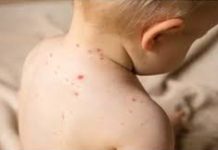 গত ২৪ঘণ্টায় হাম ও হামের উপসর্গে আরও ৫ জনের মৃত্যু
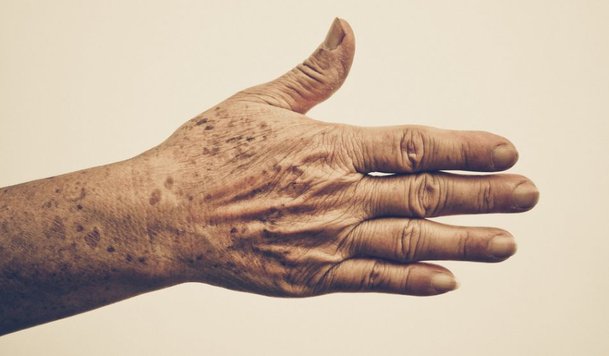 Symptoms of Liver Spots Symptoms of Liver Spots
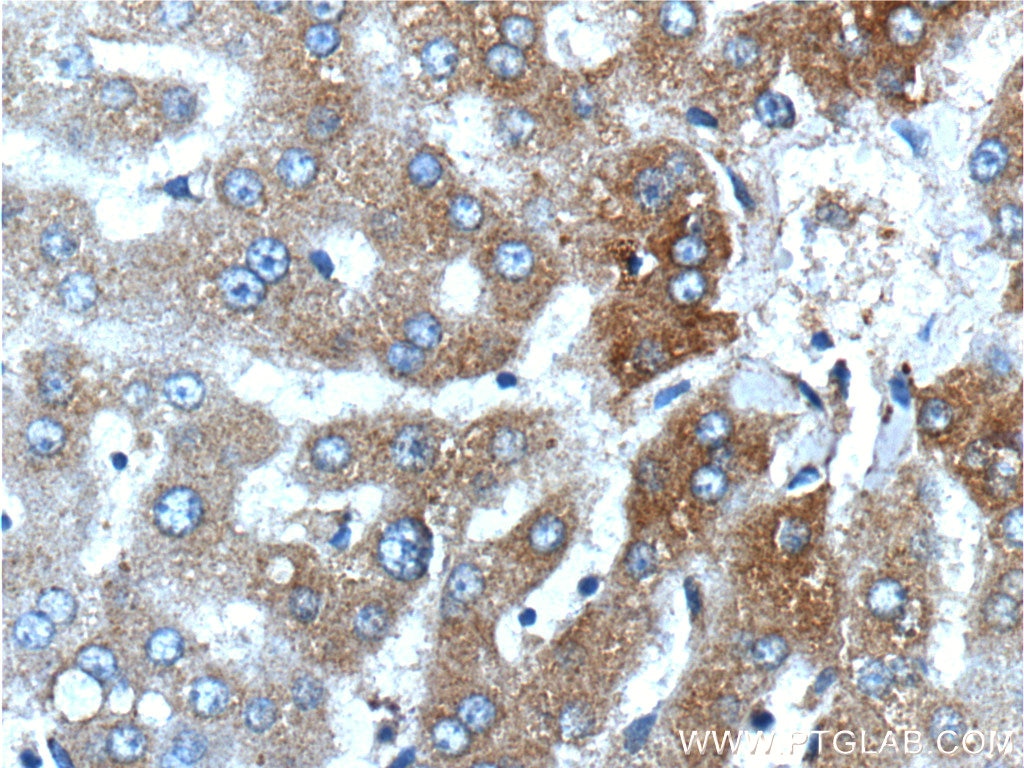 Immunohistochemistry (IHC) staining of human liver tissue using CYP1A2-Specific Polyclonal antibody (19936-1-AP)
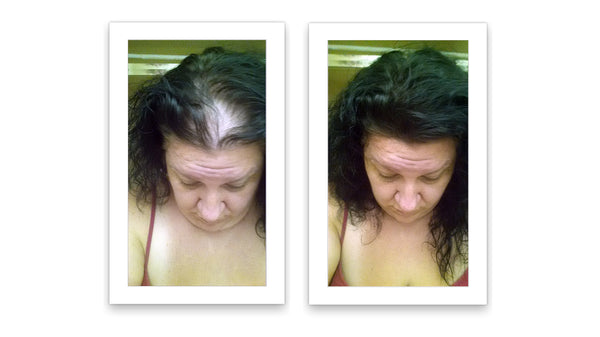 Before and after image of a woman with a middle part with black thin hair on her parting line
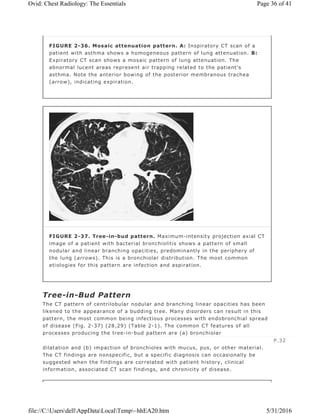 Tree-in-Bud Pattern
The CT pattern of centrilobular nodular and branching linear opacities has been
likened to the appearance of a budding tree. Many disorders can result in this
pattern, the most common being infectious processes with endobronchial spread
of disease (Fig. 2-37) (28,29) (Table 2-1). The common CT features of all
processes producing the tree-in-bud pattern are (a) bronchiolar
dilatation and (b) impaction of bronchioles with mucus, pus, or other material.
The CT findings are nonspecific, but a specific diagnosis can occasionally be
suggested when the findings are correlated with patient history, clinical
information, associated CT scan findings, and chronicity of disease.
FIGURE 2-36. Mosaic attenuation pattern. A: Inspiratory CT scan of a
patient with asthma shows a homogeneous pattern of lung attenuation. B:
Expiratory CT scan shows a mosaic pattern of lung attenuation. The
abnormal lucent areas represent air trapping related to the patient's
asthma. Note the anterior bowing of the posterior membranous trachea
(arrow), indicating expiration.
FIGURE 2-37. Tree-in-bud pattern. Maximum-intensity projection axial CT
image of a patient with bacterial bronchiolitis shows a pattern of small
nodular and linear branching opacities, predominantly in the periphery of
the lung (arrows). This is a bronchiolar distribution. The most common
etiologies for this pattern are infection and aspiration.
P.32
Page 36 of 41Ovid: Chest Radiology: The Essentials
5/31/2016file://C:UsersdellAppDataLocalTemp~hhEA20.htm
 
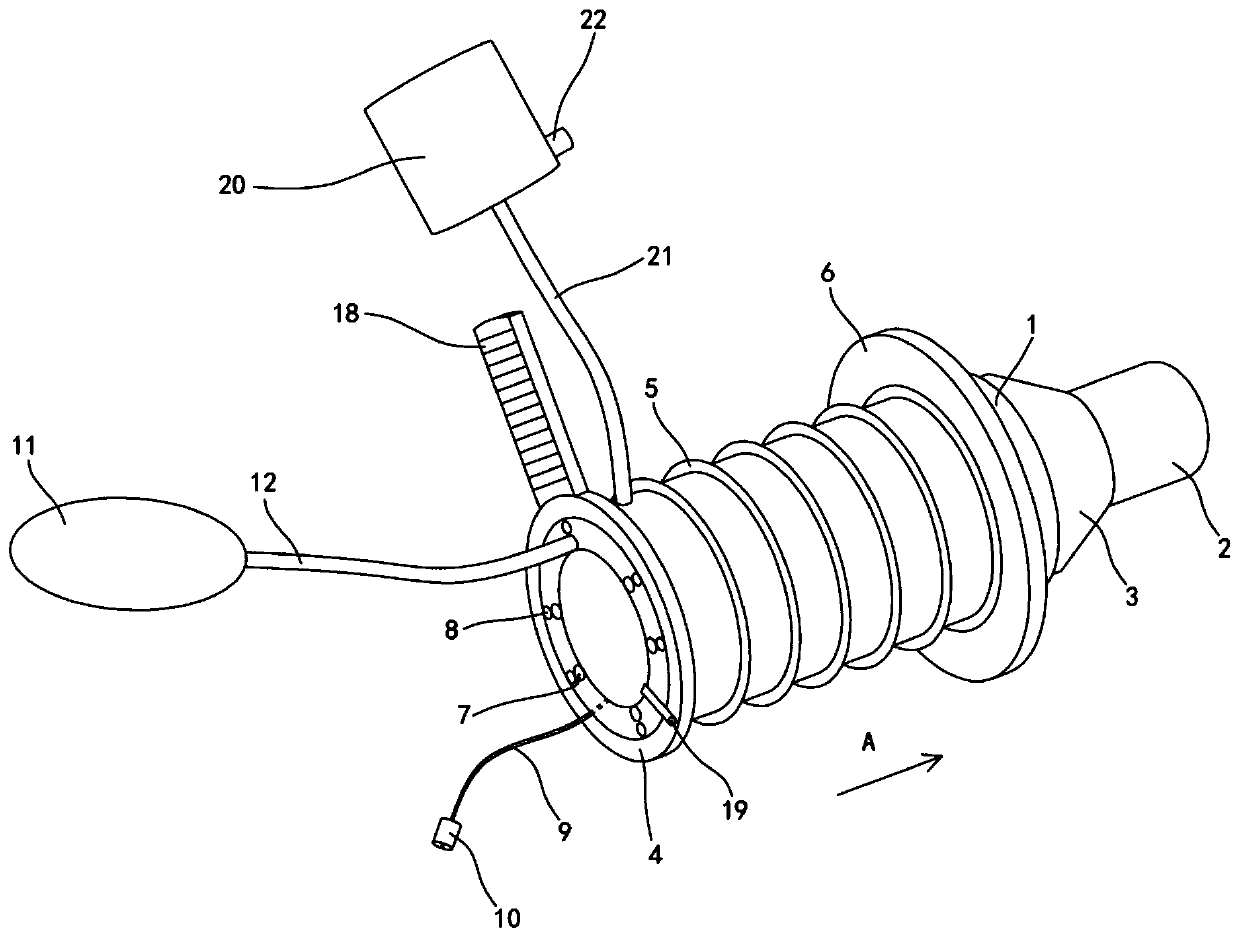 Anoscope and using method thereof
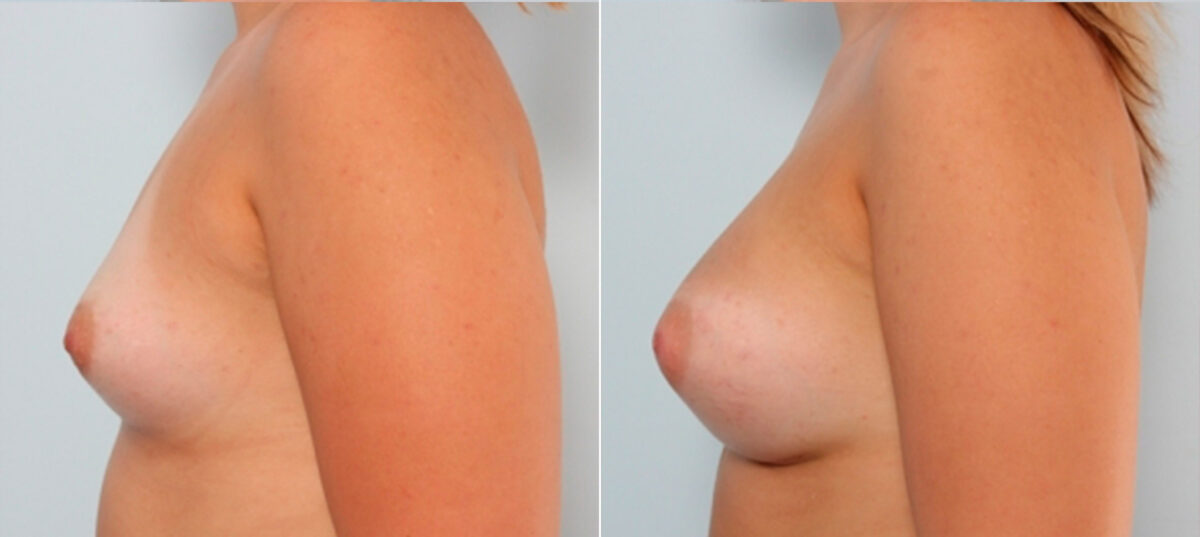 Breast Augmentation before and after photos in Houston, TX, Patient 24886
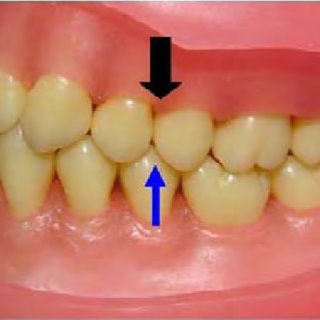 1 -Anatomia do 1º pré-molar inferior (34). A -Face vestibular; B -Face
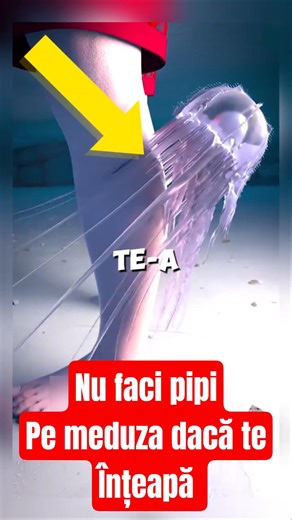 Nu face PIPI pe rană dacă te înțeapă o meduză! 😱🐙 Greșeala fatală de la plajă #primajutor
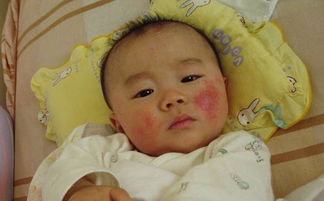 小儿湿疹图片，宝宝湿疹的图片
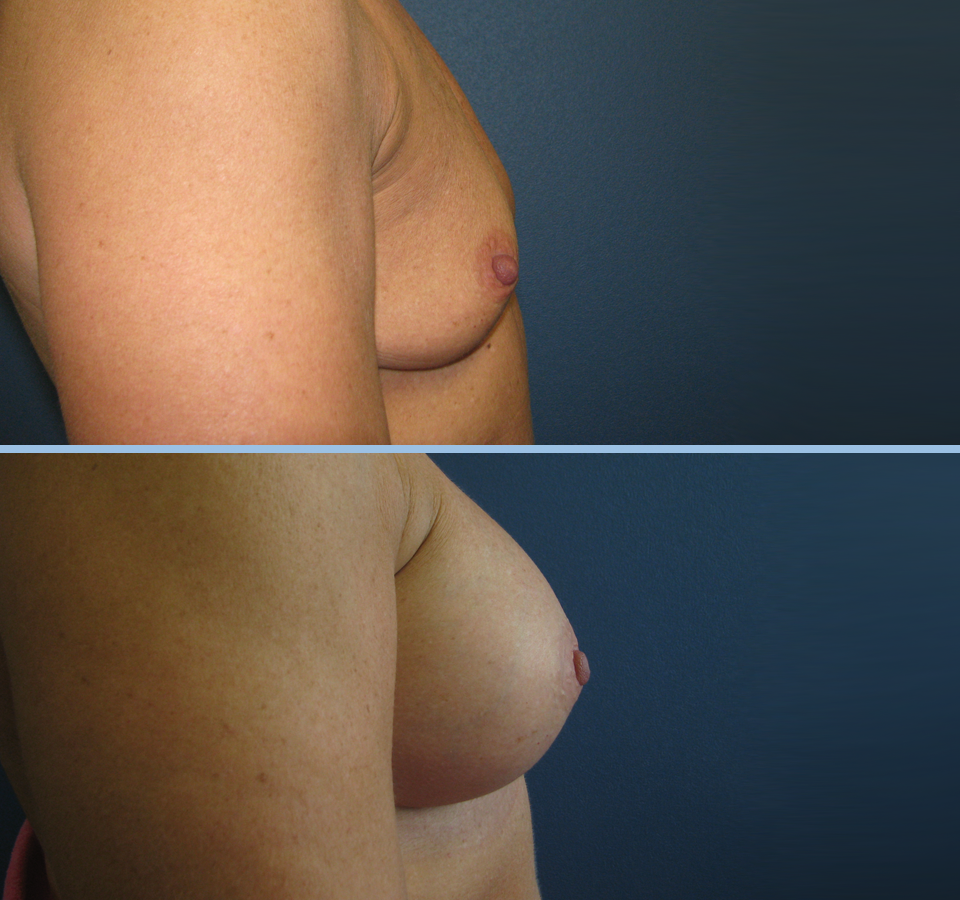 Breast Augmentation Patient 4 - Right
::::
#### WHAT THE EXERCISE ASKS:
Before answering, count every line of the data that holds the word "nodular"; the reply is that number only.

#### ANSWER SPACE:
2